Saturday, January 5, 2013

Silver Betel Box (Chelpa)

The hinged silver octagonal box shown here were used by the Malays to hold tobacco or betel nut (sirih). This example is decorated with chasing, engraving and punch work with Islamic inspired palmettos on one side and repeated Chinese inspired plum blossom motifs on the other, neatly encapsulating two significant influences on traditional Malay culture: Islamic and Chinese tendencies. It is believed that the form of these boxes is based on the form of pocket watches used by 17th, 18th and 19th century European gentlemen who came to Asia as traders and colonialists. Often they were worn attached to a scarf or kerchief draped over the shoulder.

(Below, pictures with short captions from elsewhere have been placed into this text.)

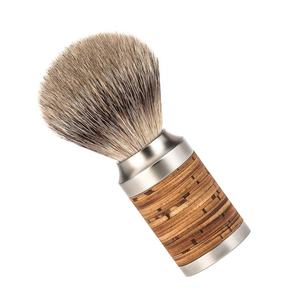 Brosse à raser pour homme avec poils synthétiques, manche en bois, durable, brosse à crème à raser professionnelle avec logo personnalisé - Product Image 1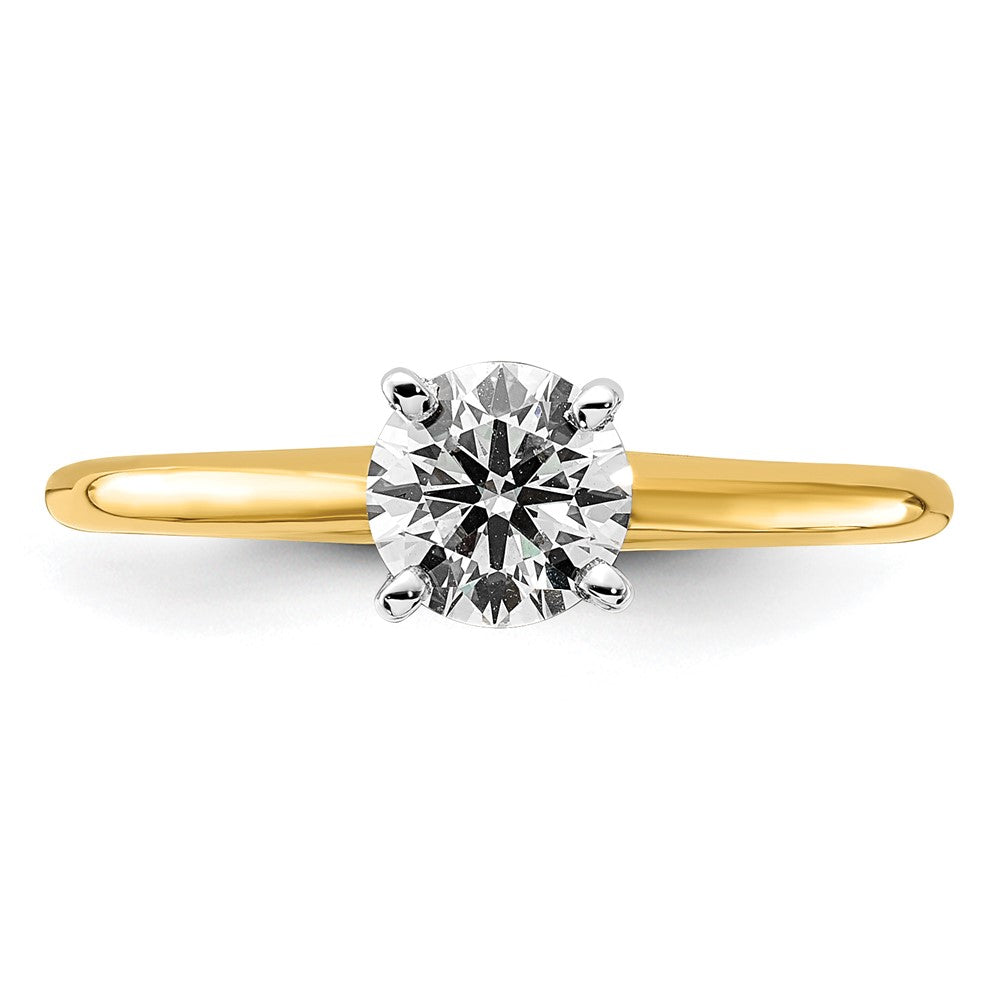 14K Two-Tone 3/4 carat Round VS/SI GH Lab Grown Diamond Solitaire 4 Prong Size 10 Engagement Ring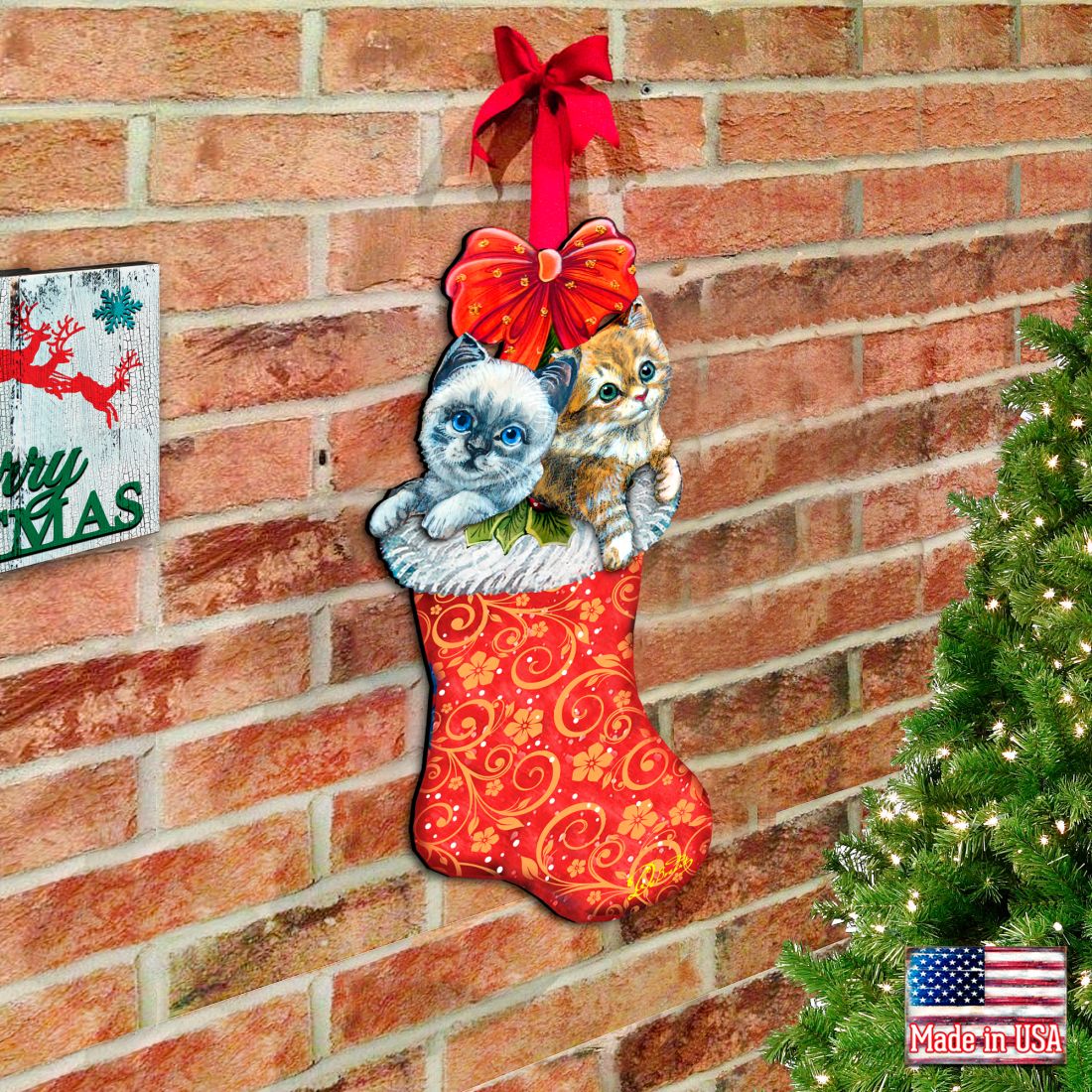 Medias navideñas con gatitos, decoración navideña para puerta de G. DeBrekht - Decoración navideña de Papá Noel y muñeco de nieve - 8114021H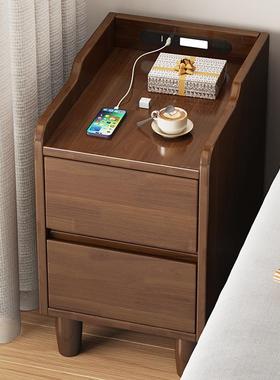 北迷你床头柜小型简33980约极简窄床欧头木储柜物床边柜实床头柜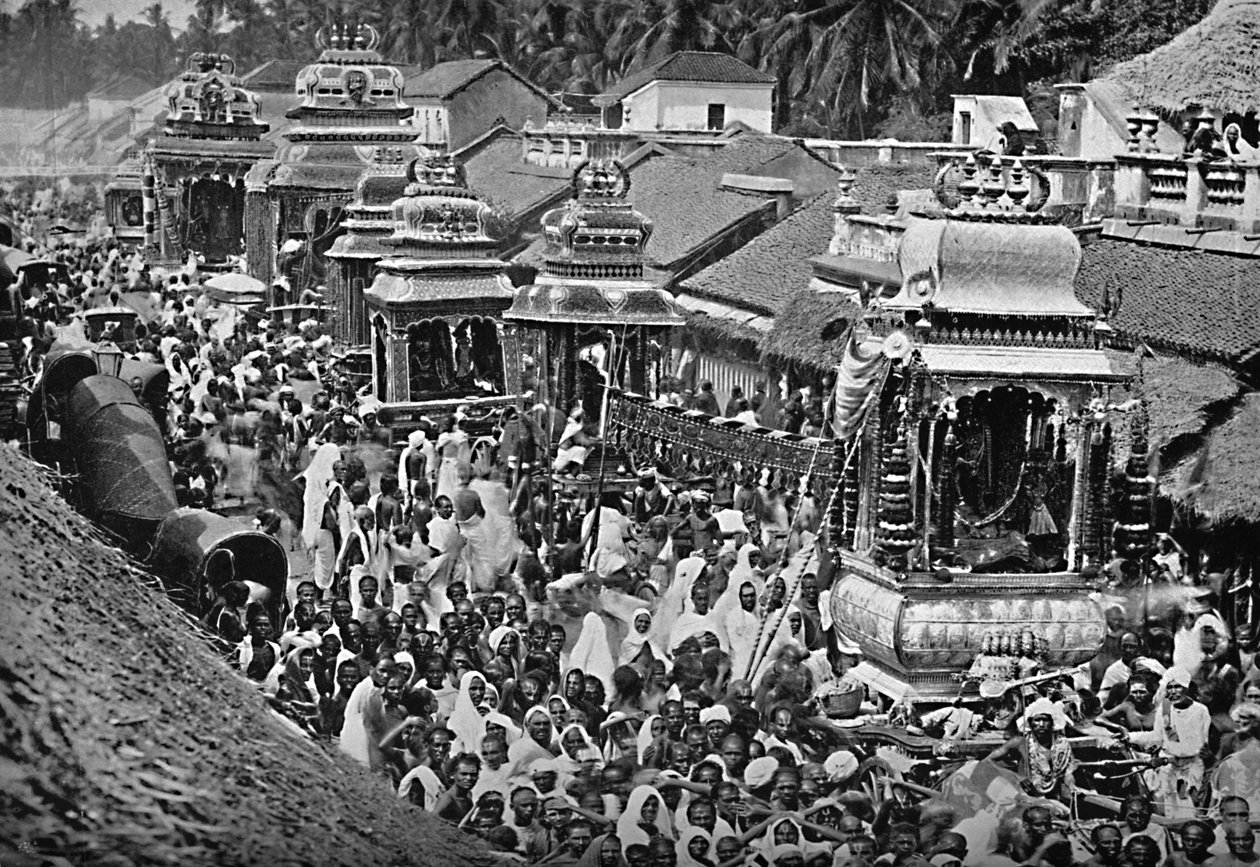 Une procession religieuse hindoue, Madras, 1902 - Wiele and Klein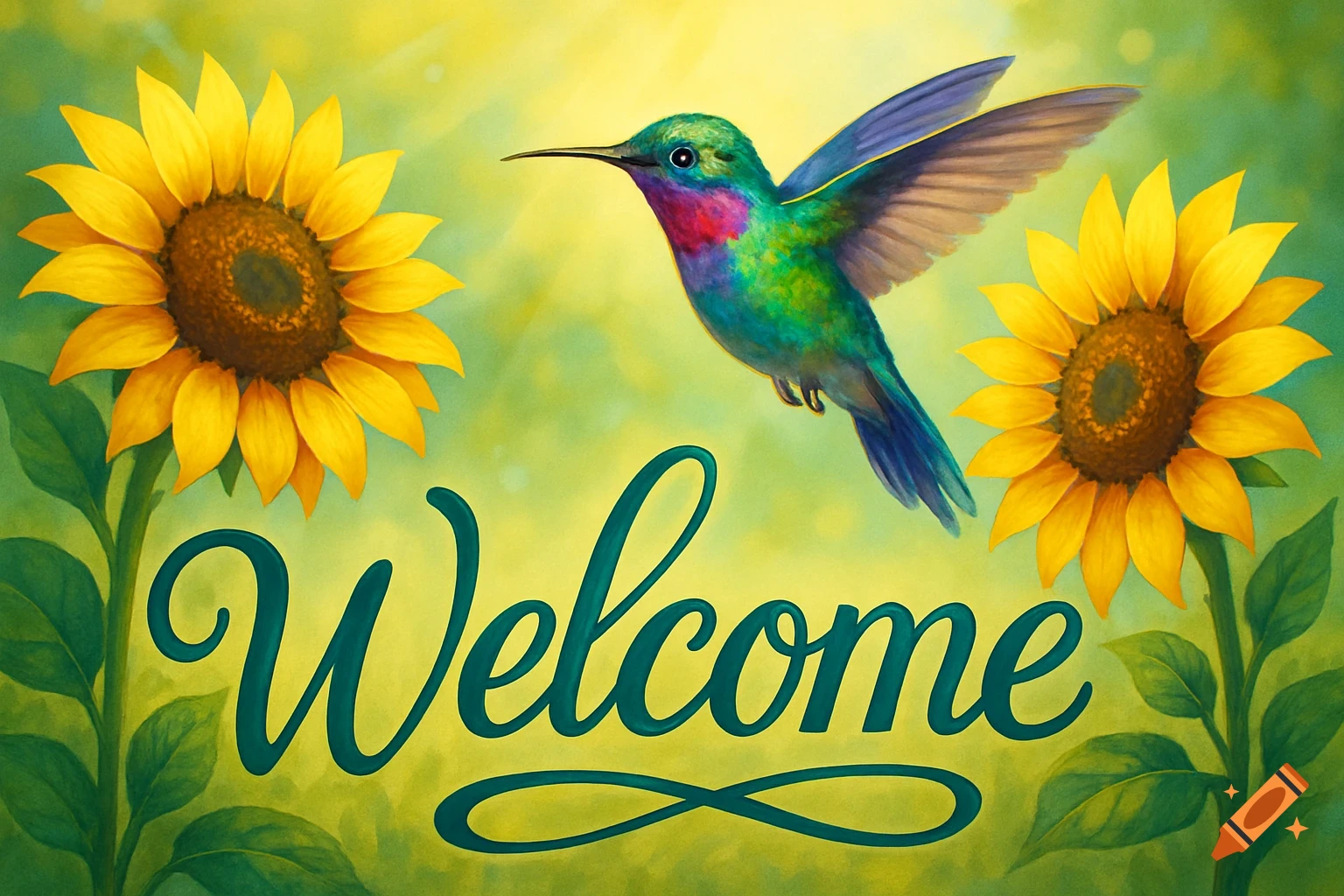 A colorful hummingbird with green, blue, and pink feathers flies above the word "Welcome", flanked by two bright yellow sunflowers in an illustrative style.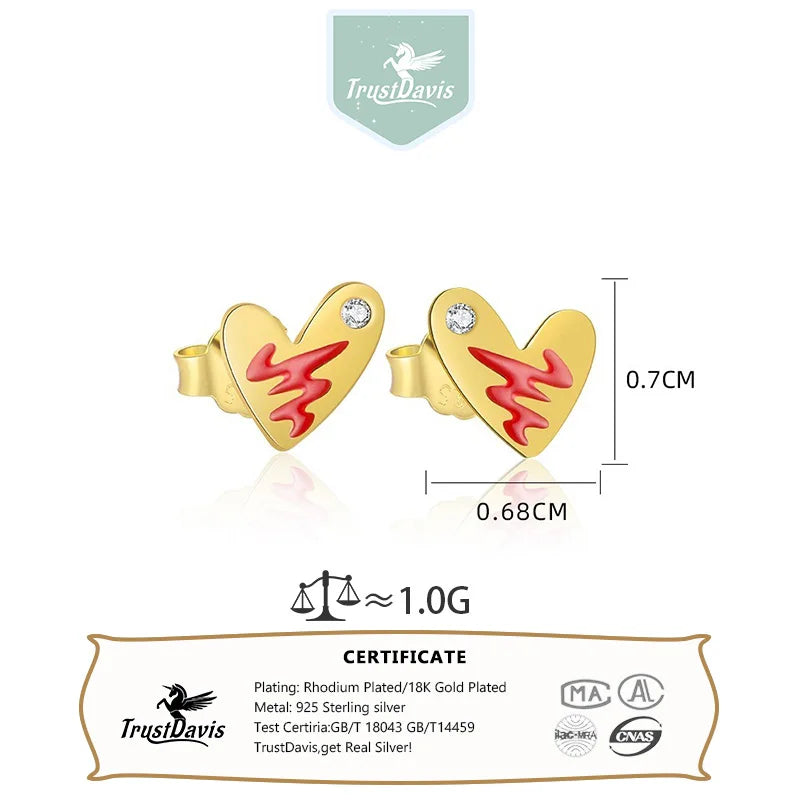 Heart Lock /Lightning Heart Earrings Jewelry Set DS4847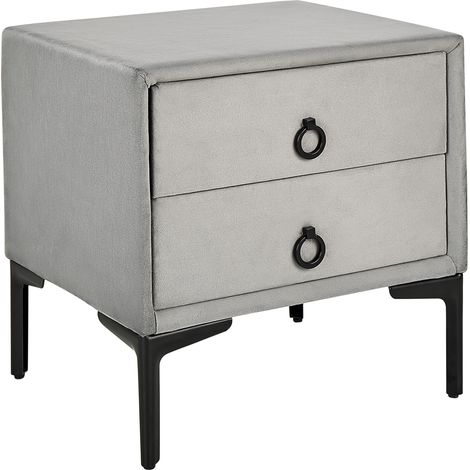 Mesita de noche de terciopelo gris patas de metal negras con 2 cajones de almacenamiento 44 x 38 cm estilo moderno Sezanne (1/5)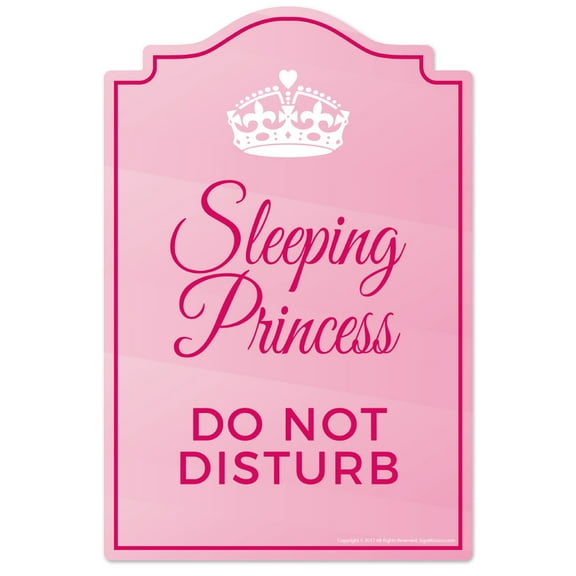 Sleeping Princess Novelty Sign | Indoor/Outdoor | Funny Home Décor for Garages, Living Rooms, Bedroom, Offices | SignMission personalized gift Wall Plaque Decoration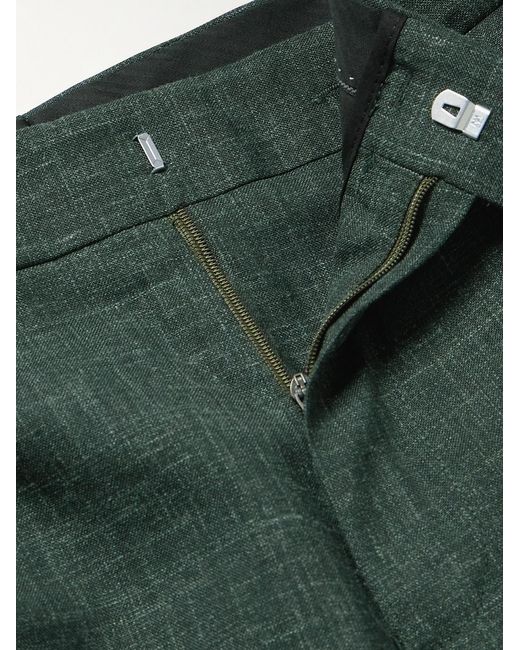 Mr P. Green Mike Straight-Leg Pleated Wool, Silk And Linen-Blend Suit Trousers for men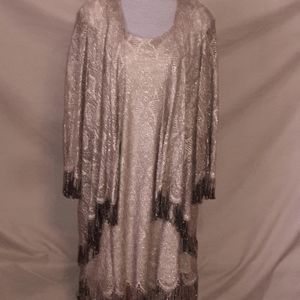 Gold Lace Plus Size Holiday Dress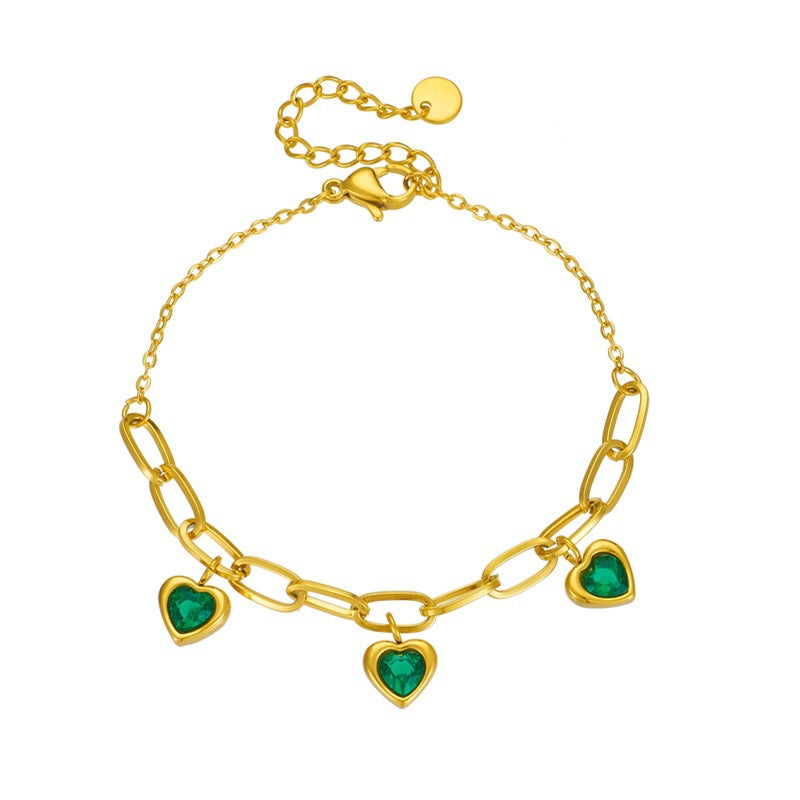 Niche Retro Gold-plated Fashion Colorful Gem Bracelets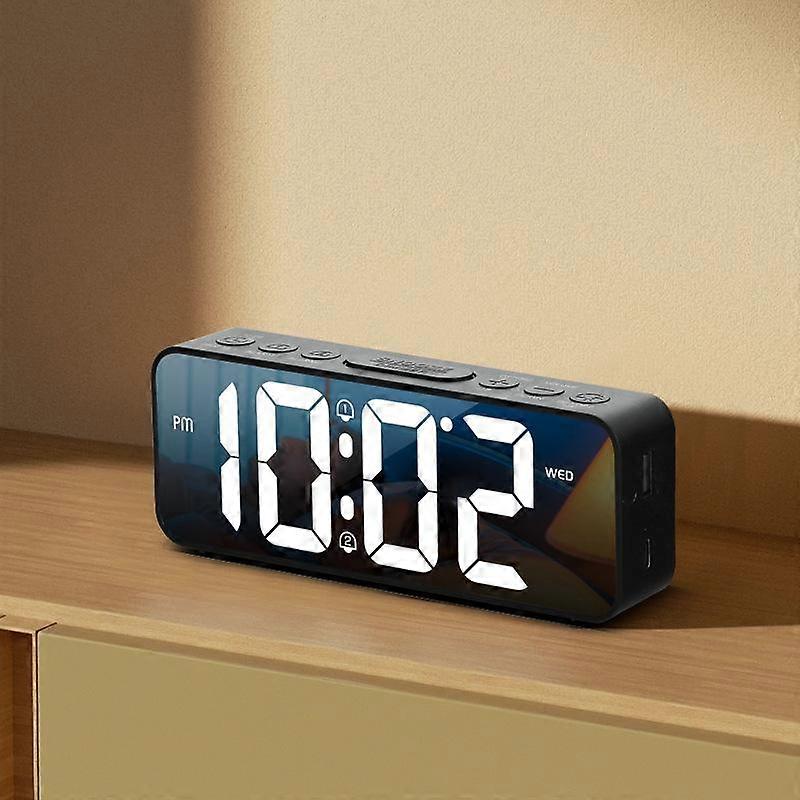 LED Alarm Clock Mirror Digital Clock 12/24H Week Temperature Display Kids Snooze Dual Alarms Night Mode Electronic Table Clock
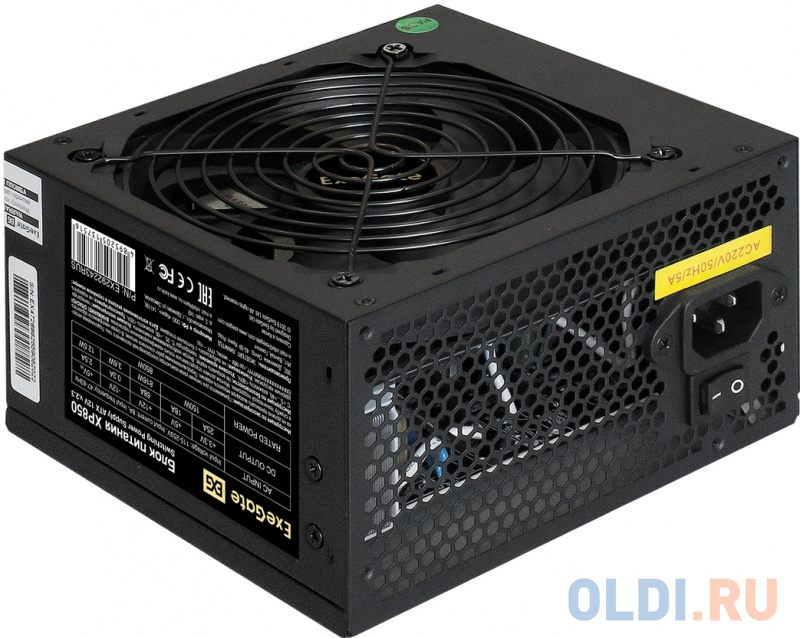 Блок питания 850W ExeGate XP850 (ATX, 12cm fan, 24pin, 2x(4+4)pin, 2xPCI-E, 5xSATA, 3xIDE, black)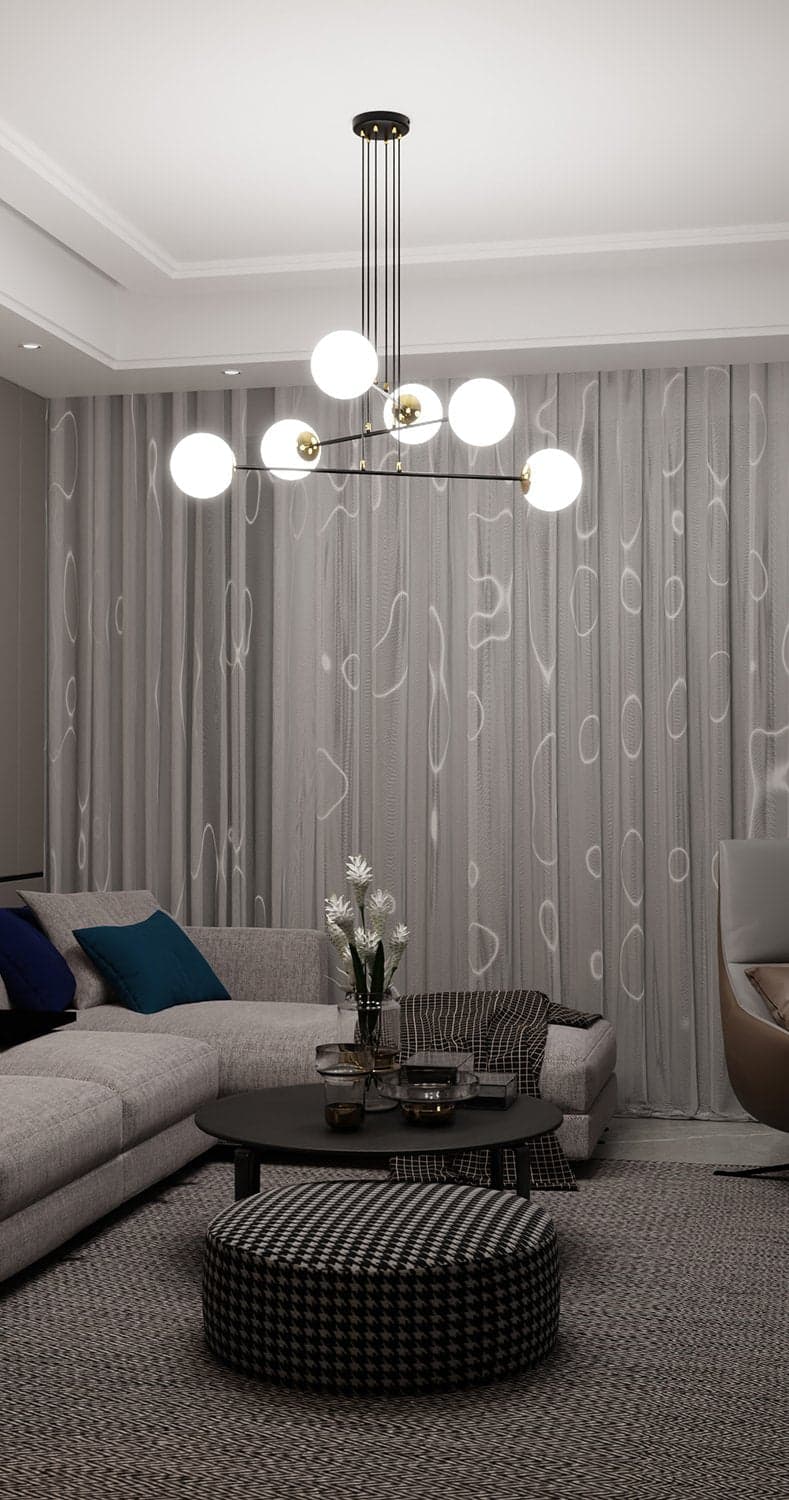 Lampadario Moderno 6 Luci Ognis In Acciaio Nero E Oro E Vetro A Sfera Opale in Lampade a sospensione LuceArt - Montecorvino Pugliano, commercioVirtuoso.it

Do check out my previous blogs about the betel nut paraphernalia.

Islamic inspired palmettos motifs.

Chinese inspired plum blossom motifs.

Tuesday, January 1, 2013

Taoist Eight Immortal Figures

Pictures below are two sets of tarnished silver gilt Taoist Eight Immortal figures which were used for the Peranakan family to pin on a bridal wedding headband. They are the protective talismans for the brides, and also a symbol of their virginity. 'Pak Siam', the name used by the Baba and Nyonya of the Malay Peninsula and Singapore for this headdress figures derives from the figures of the Eight Immortals (Ba Xian, 八仙), the legendary figures of Taoist religion, whose particular emblems indicate the special powers of secrets for which they are revered. The Eight Immortals are often accompanied, as in this case, by the God of Longevity depicted as an old man which sewn in between the Eight Immortals.

Similar types of these Taoist Eight Immortal figures were also worn by babies which were sewn on the baby hats as the protective talismans, or the boys on the headdress at their circumcision ceremonies.